Herein, we report our first designs of helicene analogues of the combretastatins: the helistatins (Figure 1B). Our design (HA-1), partly informed by our synthetic strategy (vide infra), is based on an analogue of CA4, originally developed by Cushman and co-workers, whereby the nonessential meta-hydroxyl group in CA4 was removed.⁷¹ We coupled our active design with a suitable negative control (HA-2), with a substituent on the inner groove to reduce activity.⁷² Siles and co-workers showed that the presence of two electron-withdrawing groups (i.e., NO₂) ortho to the methoxy diminished tubulin inhibition (IC₅₀) from 1.2 μM (CA4) to 7.4 μM. This effect was exacerbated when the NO₂ groups were converted to electron-donating anilines (IC₅₀ > 40 μM).⁷³ Based on this rationale, we added a closely matching electron-donating phenol to this position. We find that HA-1 blocks microtubule polymerization in both cell-free and live cell assays and, as such, represents the first example of a specific protein-targeting helicene.

Results and Discussion

To gauge the general suitability of [5]-helistatins for interaction with the colchicine-binding site of tubulin, we conducted computational docking experiments.⁷⁴⁻⁷⁶ The tubulin-colchicine stathmin-like domain complex (PDB code: 1SAO) was chosen as the model target (Figure 2). There is a good three-dimensional (3D) overlap between the energy-minimized structure of (P)-HA-1 and both a colchicine analogue (DAMA-colchicine, Figure 2A)⁷⁷ and CA4 (Figure 2B). Overall, the docking studies show excellent complementarity for the colchicine-binding site; both polar and nonpolar interactions were retained. For completeness, we also modeled HA-1 against colchicine in the tubulin-colchicine complex (PDB code: 4O2B),⁷⁸ and we found the same level of complementarity (Figure S1). The full three-dimensional fit of these molecules can be visualized in Movies S1–S4.

Figure 2.

Molecular docking of (P)-HA-1 against (A) DAMA-colchicine⁷⁷ and (B) CA4 in the tubulin-colchicine stathmin-like domain complex (PDB code: 1SAO). There is excellent overlap in both polar and nonpolar interactions, and the helical pitch provides the correct conformation for binding. See Movies S1–S4 to visualize the full three-dimensional fit.

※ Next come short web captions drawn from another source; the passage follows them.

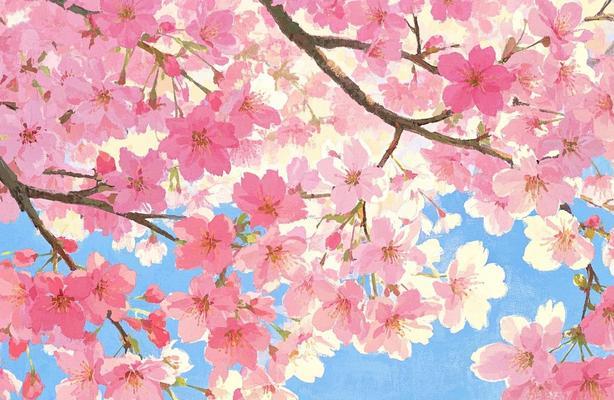 春天的花语是什么？春天花语背景有哪些？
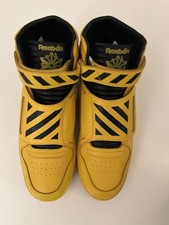 Reebok Alien Stomper Final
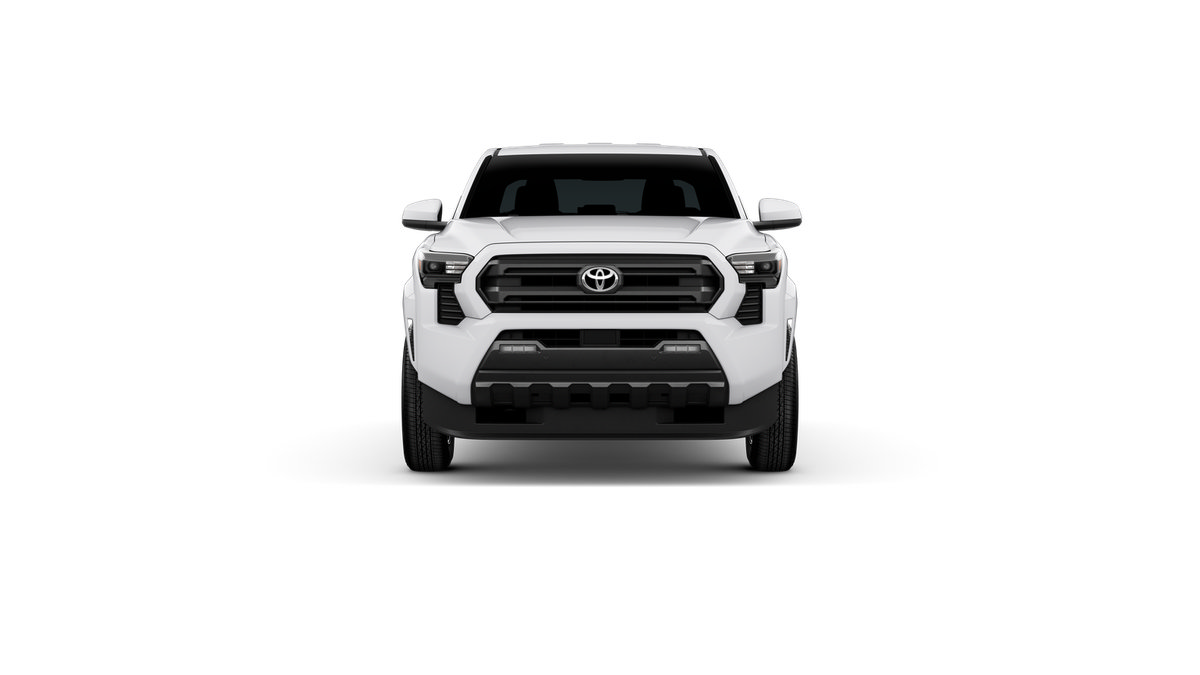 New 2026 Toyota Tacoma SR5 RWD image 49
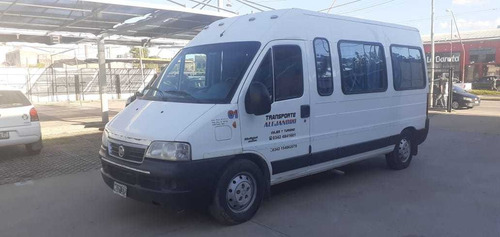 Fiat Ducato 2013 2.3 Economy Maxicargo Mjet Te C/abs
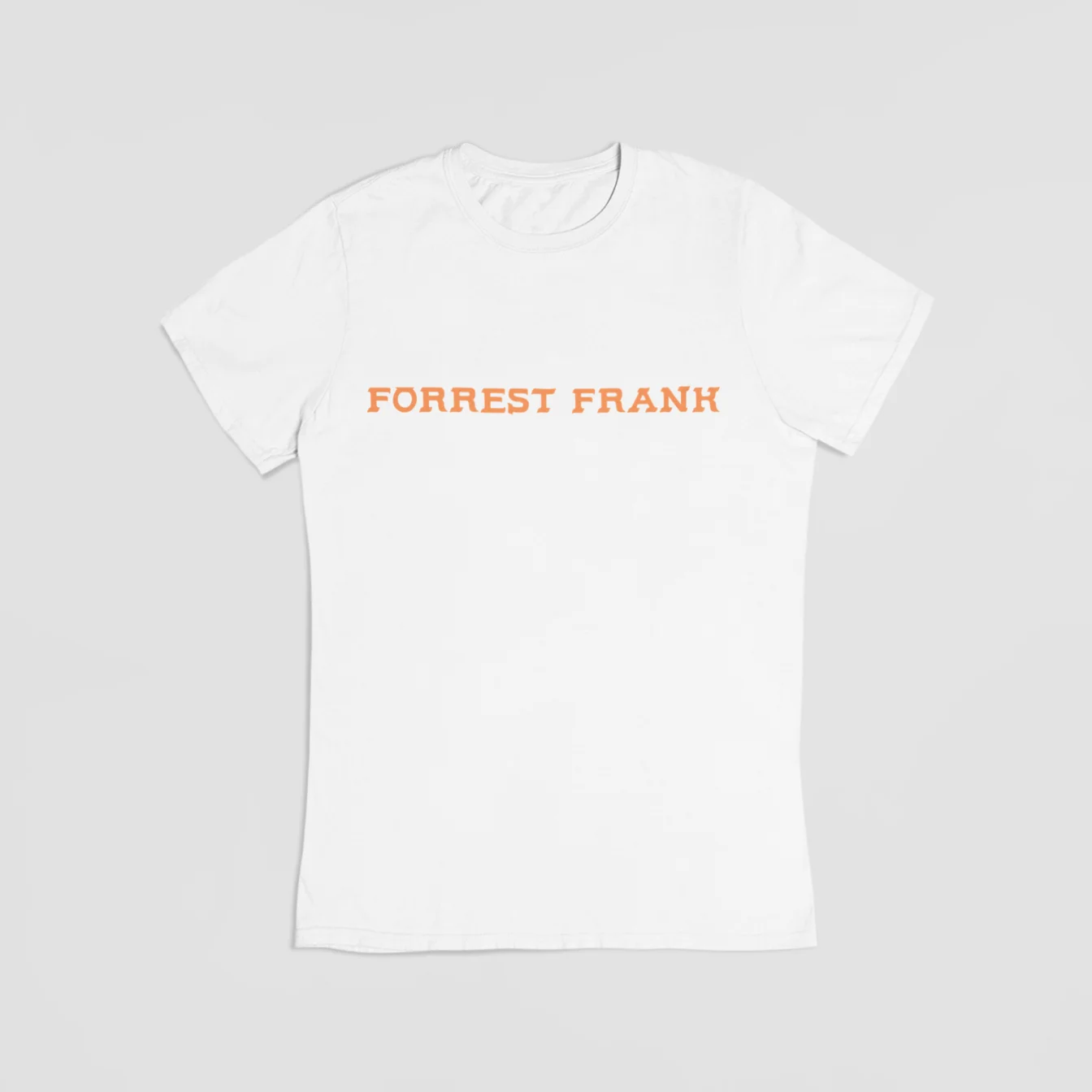 Forrest Frank T-Shirt #8 - Image 4
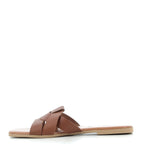 Scarpe Hodea donna 34322PLP26  CUOIO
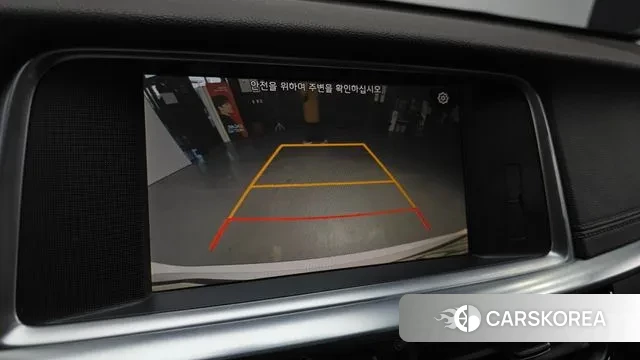 Kia The New K5 2nd generation 2018 Белый из Кореи, фото 6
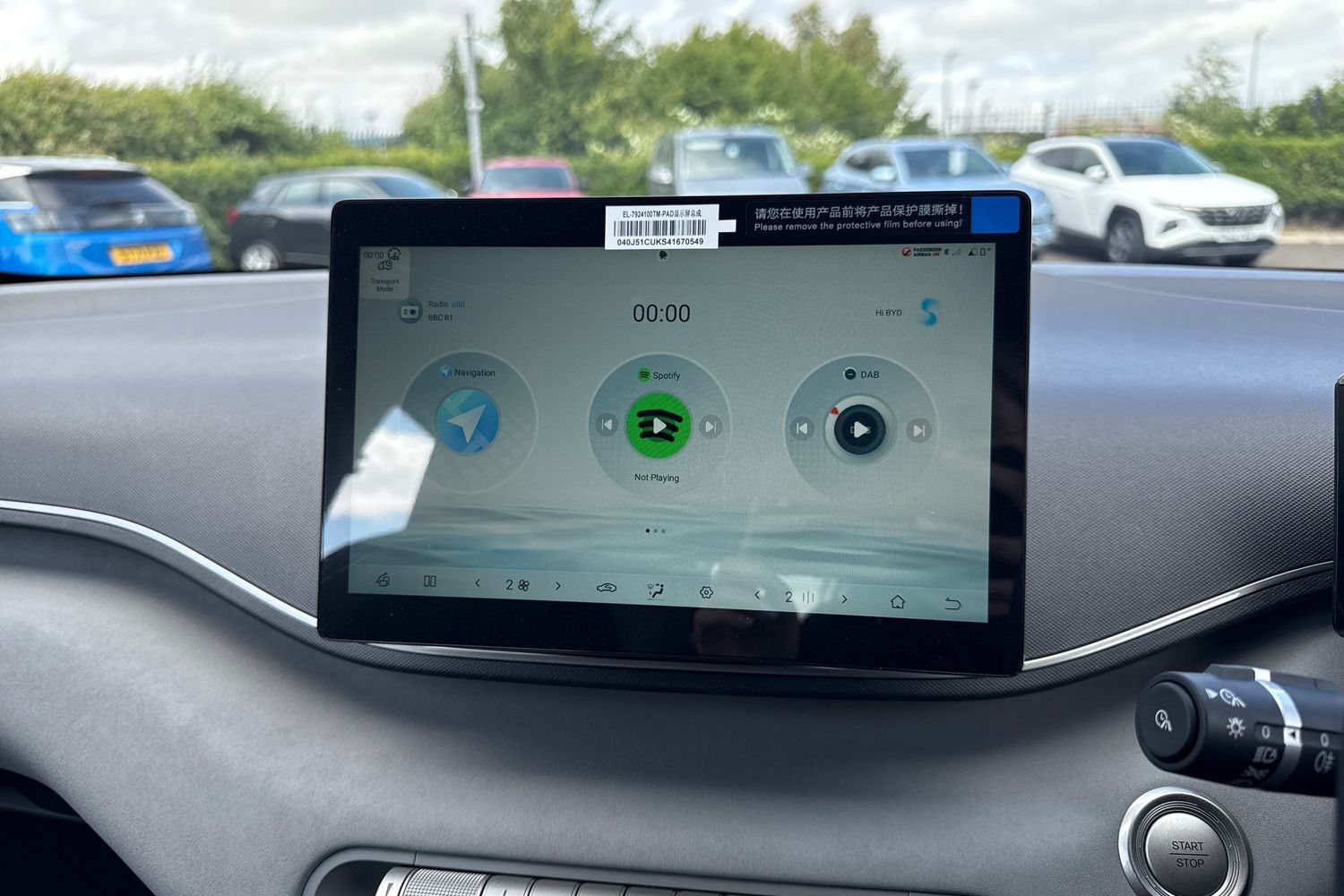 Used BYD Dolphin 2025 for sale - 76654380: Photo 11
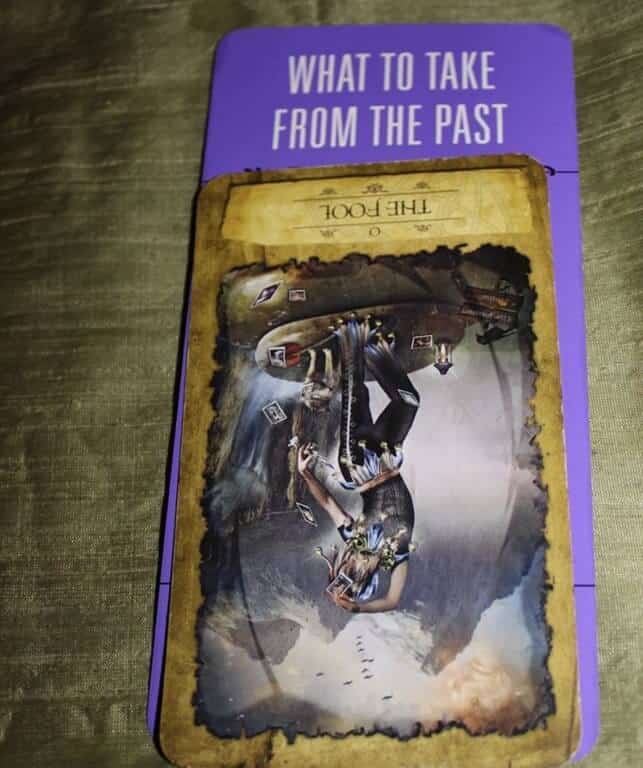 02/02/14: Knowing Better / Fool Reversed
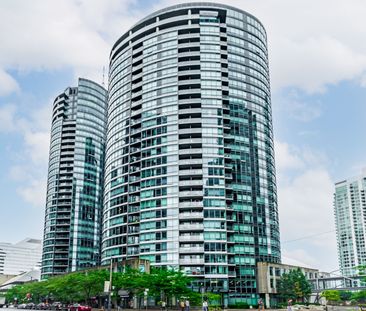 For Lease - 373 Front Street Unit# 501, Toronto, Ontario - Photo 4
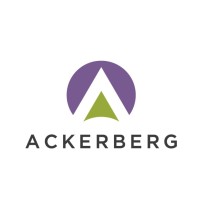 The Ackerberg Group logo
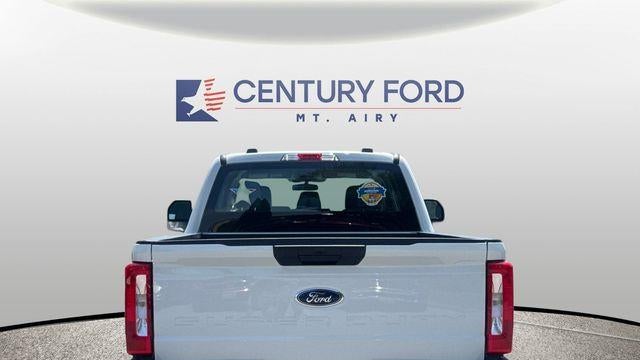 2026 Ford F-250 Super Duty XLT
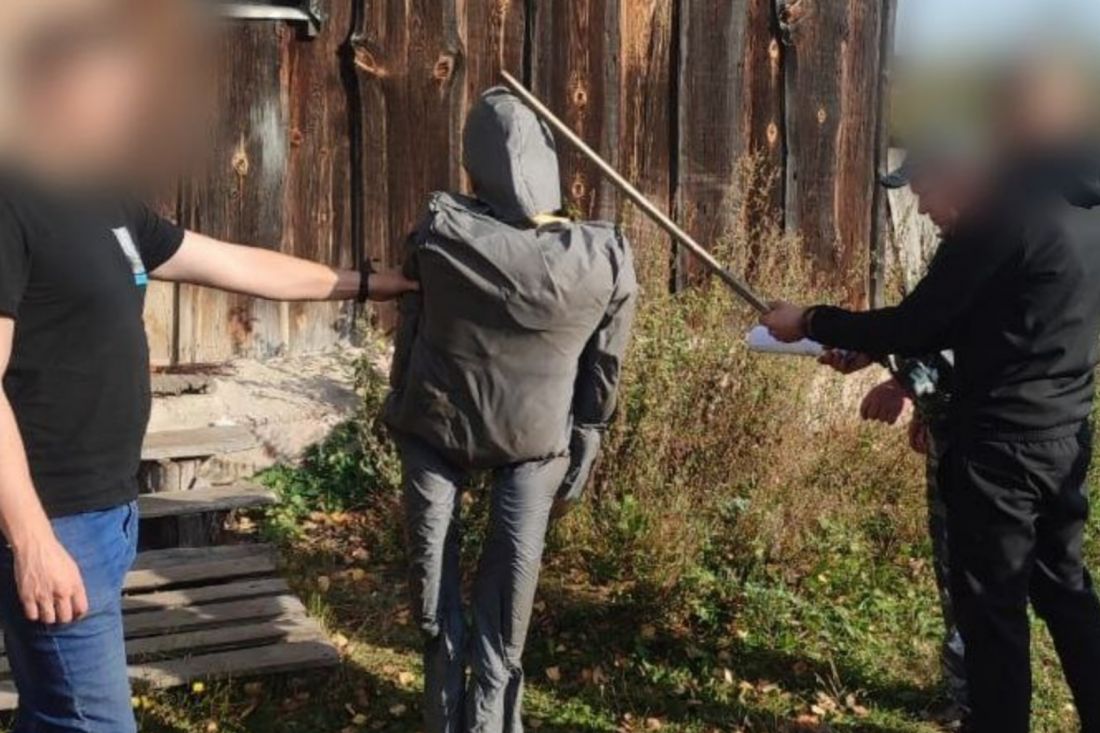 В Пензенской области водителя забили до смерти из-за громкой музыки в машине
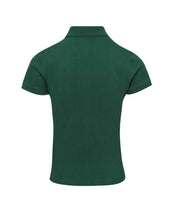 PR632 Bottle Green Back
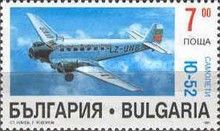 Junkers Ju52/3m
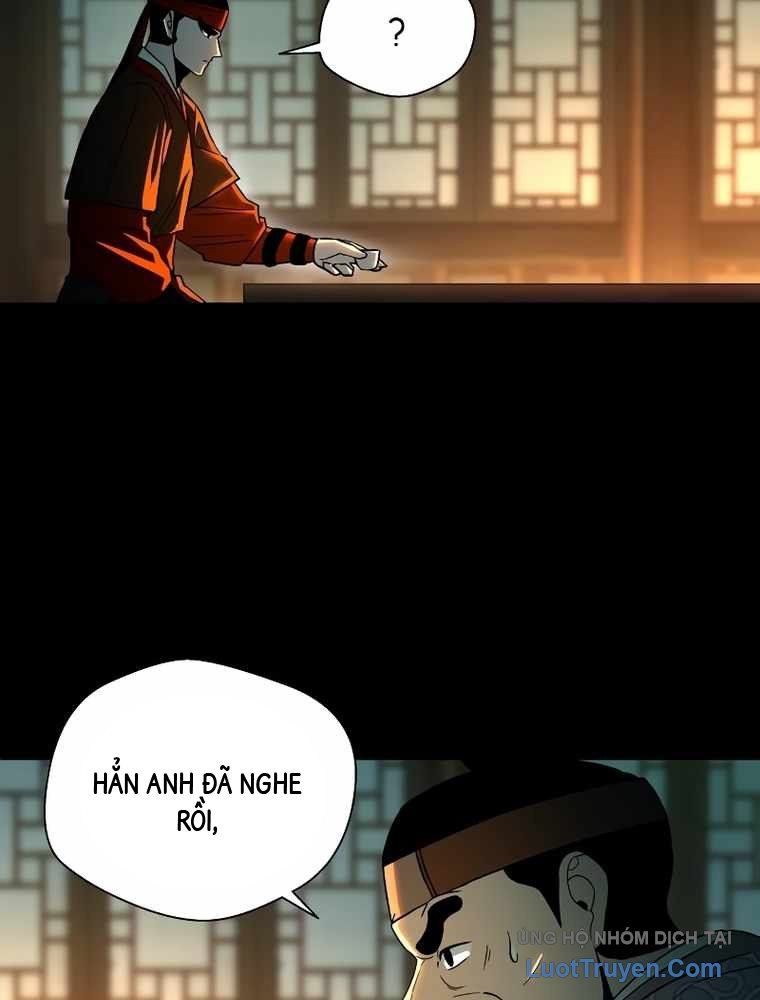 Nhân Diện Chapter 5 - 9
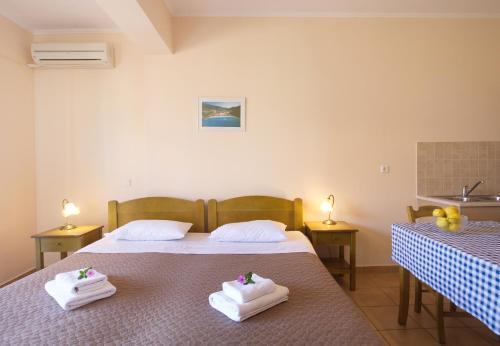 Apartamento Porto Nirikos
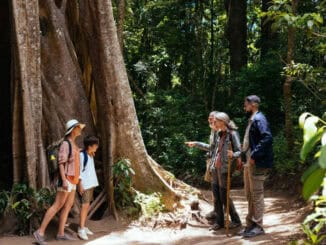 Monteverde © Costa Rica Tourism Board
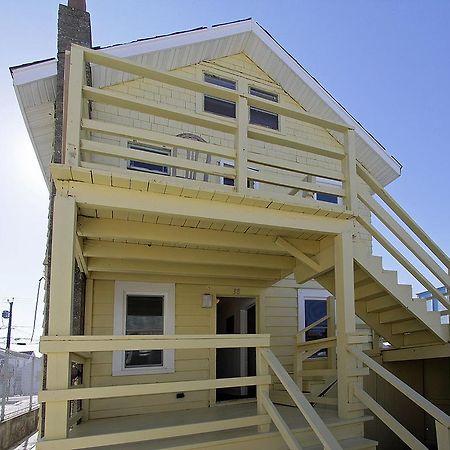 Shore Beach Houses - 38 C Lincoln Avenue Seaside Heights Exterior photo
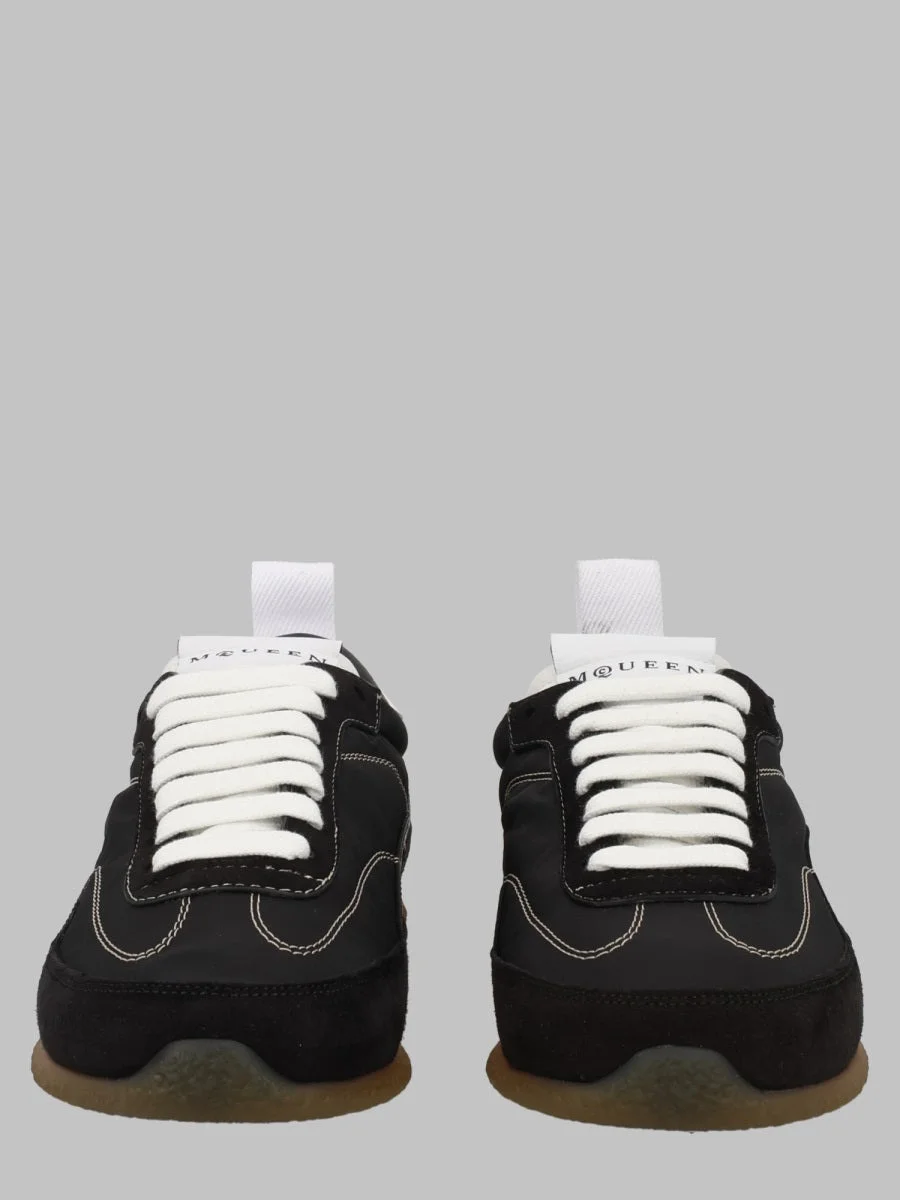 Alexander Mcqueen Women Sneaker "Ec1" - 1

Despite the promise of this design, the [5]-helistatins proved to be extremely challenging to prepare with respect to many of the conventional methods used for helicene synthesis. The highly functionalized, electron-rich, and asymmetric nature of the terminal rings often prevented the formation of the desired product at, or close to, the final step of numerous attempted routes. For completeness, these unsuccessful synthesis strategies are outlined in the Supporting Information. Briefly, initial efforts were focused on formation of the helicene via oxidative photocyclization; however, the final photoisomerization step afforded a furan (Scheme S1) instead of the desired helicene.⁷⁹ Various protecting group strategies were employed, although these only resulted in decomposition. Oxidative cyclization was then examined (Scheme S2), although this also led to the formation of decomposition products.⁸⁰⁻⁸² We then employed radical methodology⁸³ and successfully synthesized the target phenanthrene/stilbene intermediate (Scheme S3); however, attempts at performing the final ring closure resulted in either dehalogenation or decomposition. Finally, we turned our attention to cycloisomerization methodology, first via a [2 + 2 + 2] cycloisomerization (Scheme S4),⁸⁴ and finally, a π-Lewis acid cycloisomerization mediated by PtCl₂, which is the methodology described herein.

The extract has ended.